Uprawiał marihuanę na zboczu skarpy wiślanej
Kryminalni płockiej komendy zlikwidowali plantację marihuany. Funkcjonariusze zatrzymali właściciela plantacji, oraz zabezpieczyli kilkadziesiąt krzewów konopi indyjskiej. Zatrzymany mężczyzna rośliny pielęgnował w donicach, nawoził i podlewał, a uprawę ukrył na zboczu skarpy wiślanej.
Kilka dni temu policjanci ustalili że na jednej z posesji w gminie Duninów 38-letni mieszkaniec Płocka uprawia nielegalnie konopie indyjskie.
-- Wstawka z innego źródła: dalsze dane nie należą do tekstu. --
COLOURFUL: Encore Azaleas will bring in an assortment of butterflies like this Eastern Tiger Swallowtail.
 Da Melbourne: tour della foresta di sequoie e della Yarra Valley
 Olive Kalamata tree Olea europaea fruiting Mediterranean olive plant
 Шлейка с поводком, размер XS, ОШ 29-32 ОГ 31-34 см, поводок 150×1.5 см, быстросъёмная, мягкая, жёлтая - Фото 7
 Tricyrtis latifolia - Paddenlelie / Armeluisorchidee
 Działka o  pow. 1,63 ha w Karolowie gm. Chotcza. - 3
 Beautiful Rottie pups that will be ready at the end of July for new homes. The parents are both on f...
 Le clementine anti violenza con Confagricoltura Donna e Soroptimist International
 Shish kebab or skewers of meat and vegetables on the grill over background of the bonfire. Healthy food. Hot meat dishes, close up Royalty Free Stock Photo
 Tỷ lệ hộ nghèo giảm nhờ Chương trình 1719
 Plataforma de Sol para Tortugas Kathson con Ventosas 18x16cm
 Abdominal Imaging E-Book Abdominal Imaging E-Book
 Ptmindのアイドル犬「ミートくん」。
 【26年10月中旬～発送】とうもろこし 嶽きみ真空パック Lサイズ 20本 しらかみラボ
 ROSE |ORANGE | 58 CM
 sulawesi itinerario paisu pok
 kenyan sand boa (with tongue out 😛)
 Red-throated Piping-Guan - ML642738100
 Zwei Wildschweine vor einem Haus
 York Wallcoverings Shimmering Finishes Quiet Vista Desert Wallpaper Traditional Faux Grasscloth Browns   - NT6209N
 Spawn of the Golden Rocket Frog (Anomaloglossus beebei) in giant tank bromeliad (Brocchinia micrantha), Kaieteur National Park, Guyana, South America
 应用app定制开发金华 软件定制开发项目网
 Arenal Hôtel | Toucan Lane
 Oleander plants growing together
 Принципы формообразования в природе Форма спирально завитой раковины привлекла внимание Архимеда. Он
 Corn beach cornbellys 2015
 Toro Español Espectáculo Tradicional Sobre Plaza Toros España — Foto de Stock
Jak się okazało, mężczyzna na działce należącej do jego znajomej, hodował kilkadziesiąt krzewów marihuany. Rośliny pielęgnował w donicach, nawoził i podlewał, a uprawę ukrył na zboczu skarpy wiślanej.
Kryminalni zatrzymali płocczanina, który przyznał się do uprawy plantacji. Sprawa ma charakter rozwojowy. Teraz policjanci sprawdzą czy zatrzymany hodował konopie na własny użytek, czy też uprawiał ją na sprzedaż. Obecnie mężczyzna czeka na przesłuchanie w prokuraturze. Jeżeli okaże się, ze uprawiał marihuanę na sprzedaż prawo przewiduje za to przestępstwo do 8 lat pozbawienia wolności.